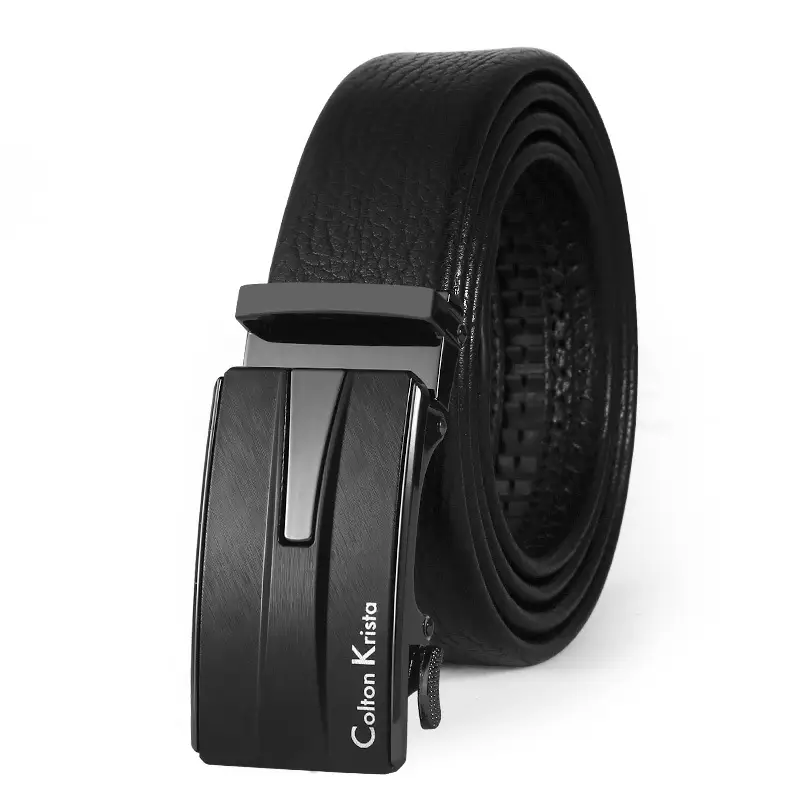 Men's Black Genuine Leather Belt with Automatic Buckle - Image 6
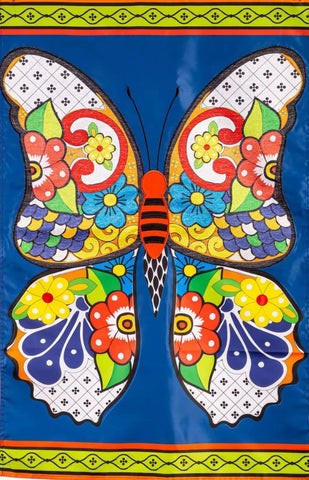 Talavera Butterflies Applique House Flag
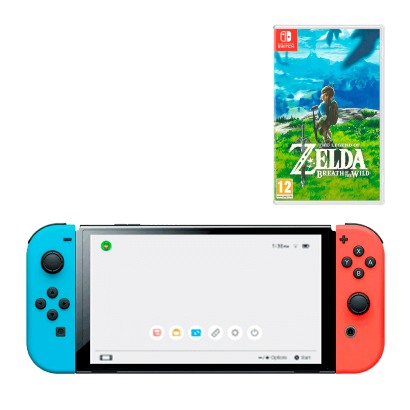 Набір Консоль Nintendo Switch OLED Model HEG-001 64GB 045496453442 Blue Red Новий  + Гра The Legend of Zelda Breath of The Wild Російська Озвучка - Retromagaz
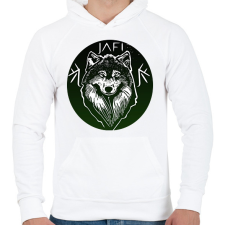 PRINTFASHION zöld farkas - Férfi kapucnis pulóver - Fehér férfi pulóver, kardigán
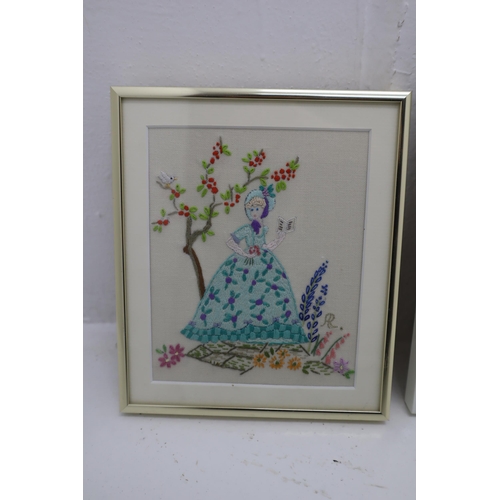 690 - Various Selection Of Embroidery Art In Frames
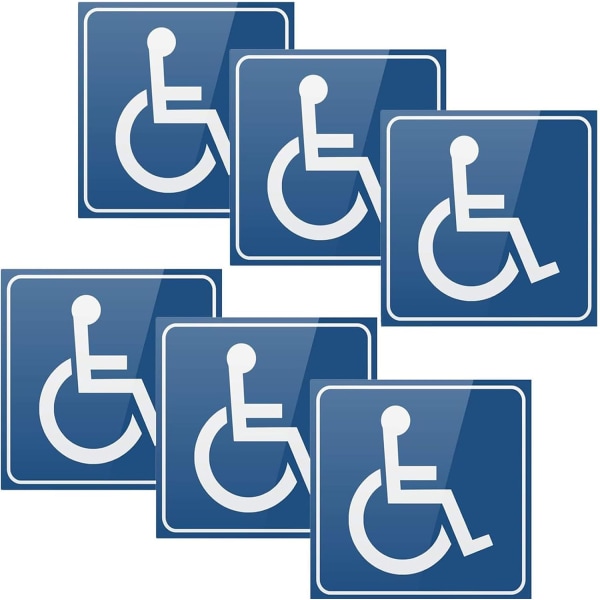 6 kpl vammaisten autotarroja, sinisiä vammaisten tarroja, autobussivaunun pyörätuoliin.
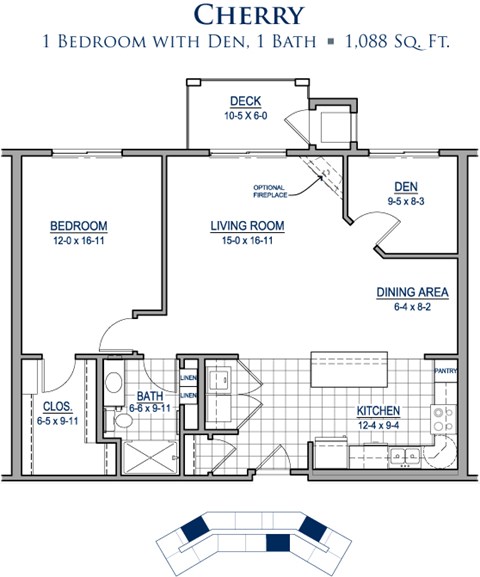 Floor plan for 1 bed, 1 bath, 1088 sqft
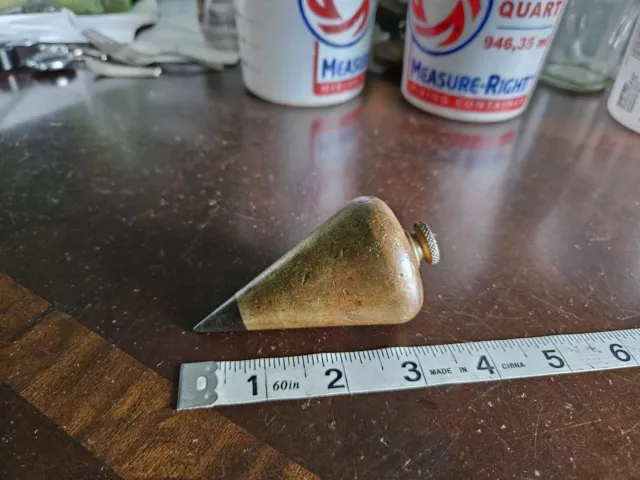 Antique Brass Plumb Bob 15.370oz. TURNIP SHAPE w/ Steel Tip 3" Long NICE PATINA!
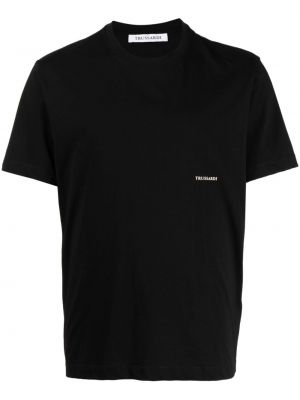 Βαμβακερή μπλούζα με σχέδιο Trussardi μαύρο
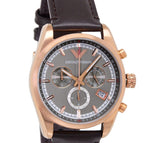 Buy Shop Emporio Armani Chronograph Gray Dial Brown Leather Strap Watch For Men - AR6043 USA Online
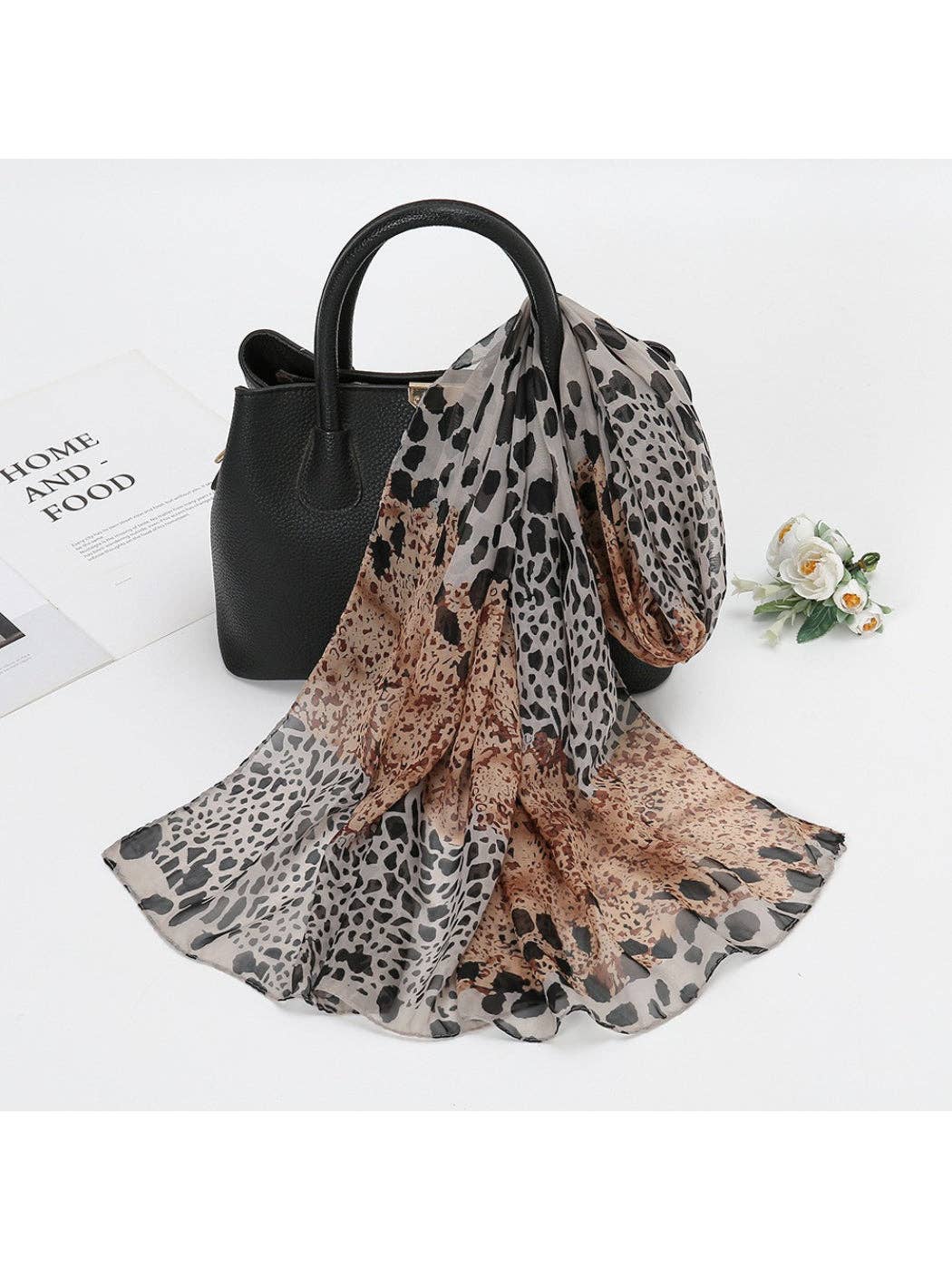 Funkyrelยฎ Atzbranding Limited - Scarvii - Leopard Fade Print Spring Summer Scarf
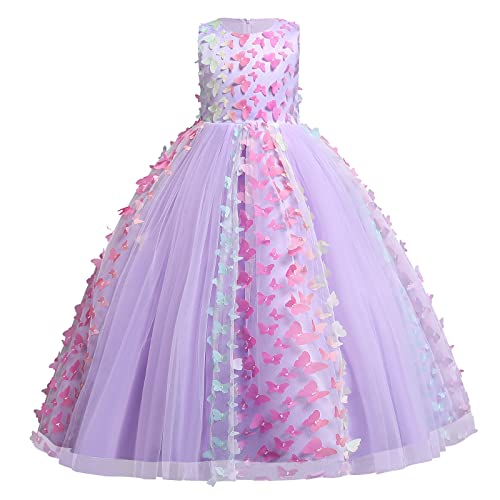 Blumenmädchen Kleid Kinder Mädchen Langes Abendkleider Schmetterling Ärmellos Festlich Hochzeit Brautjungfern Geburtstag Partykleid Tütü Tüllkleid Prinzessin Kommunion Ballkleid Lila 9-10 Jahre von FYMNSI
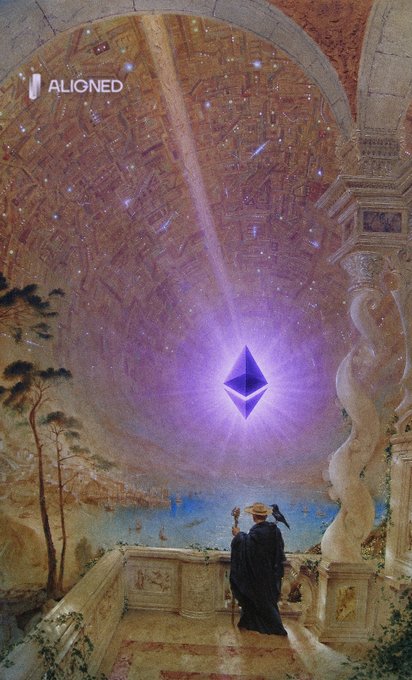 A robed figure stands on a balcony beneath a vaulted ceiling, gazing up as a glowing purple Ethereum diamond logo emanates a divine beam of light from the heavens. The watermark "ALIONED" appears in the upper left, tying the ethereal scene to the post's message that the guiding light has always been Ethereum.
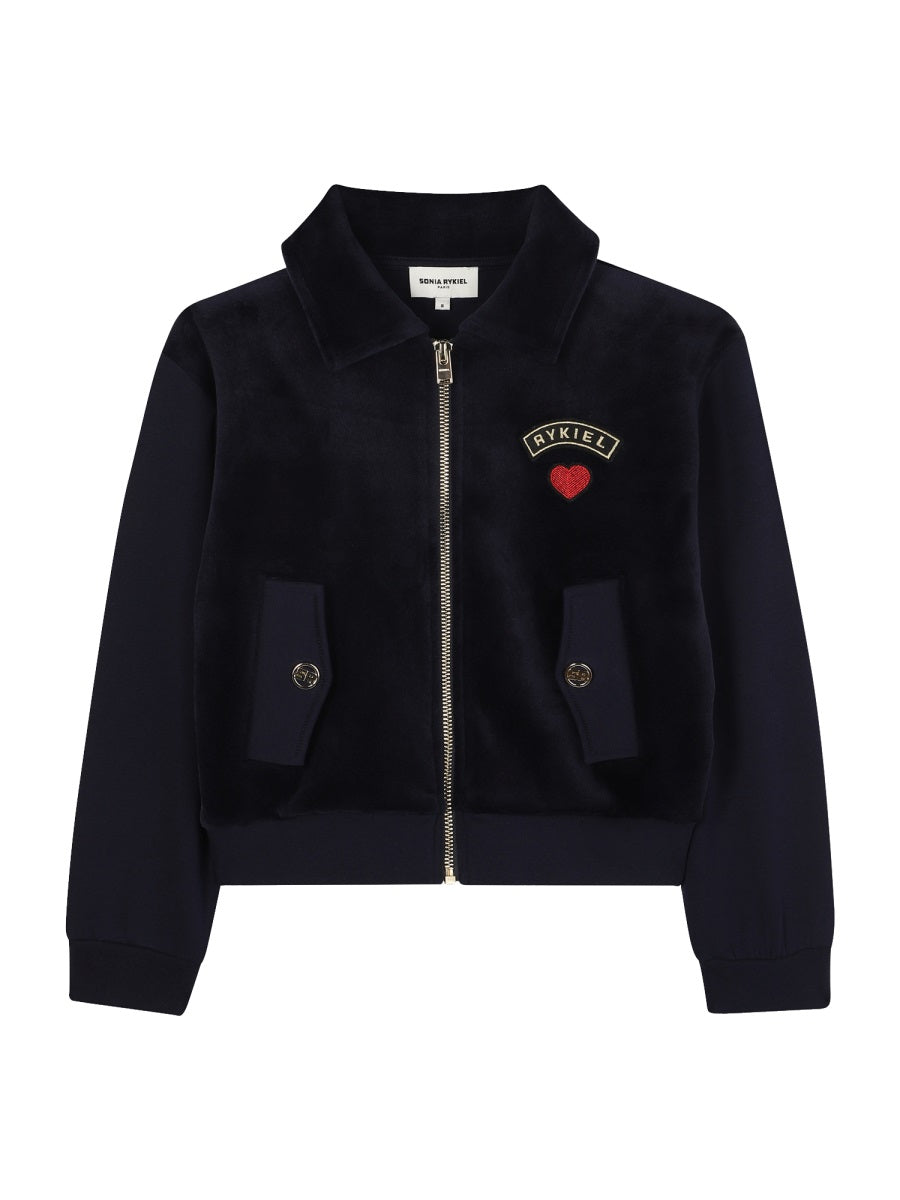 Sonia Rykiel Heart Logo Cotton Cardigan — Black by Sonia Rykiel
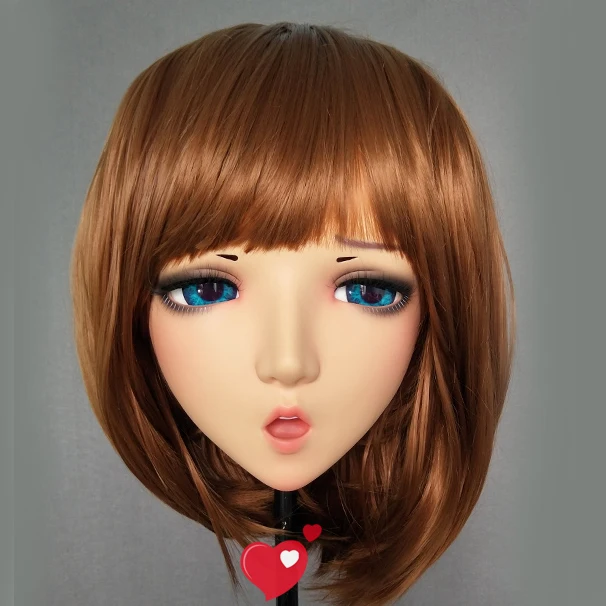 

(HAN-01)Female Sweet Girl Resin Half Head Kigurumi BJD Eyes Crossdress Cosplay Japanese Anime Role Lolita Mask With Eyes And Wig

→ **Exercise brief**: Restate exactly, and only, the lines from the one that holds "Sonia Rykiel Heart" down to the last line of the material above. Omit the pictures.

→ **Result**:
 Sonia Rykiel Heart Logo Cotton Cardigan — Black by Sonia Rykiel

(HAN-01)Female Sweet Girl Resin Half Head Kigurumi BJD Eyes Crossdress Cosplay Japanese Anime Role Lolita Mask With Eyes And Wig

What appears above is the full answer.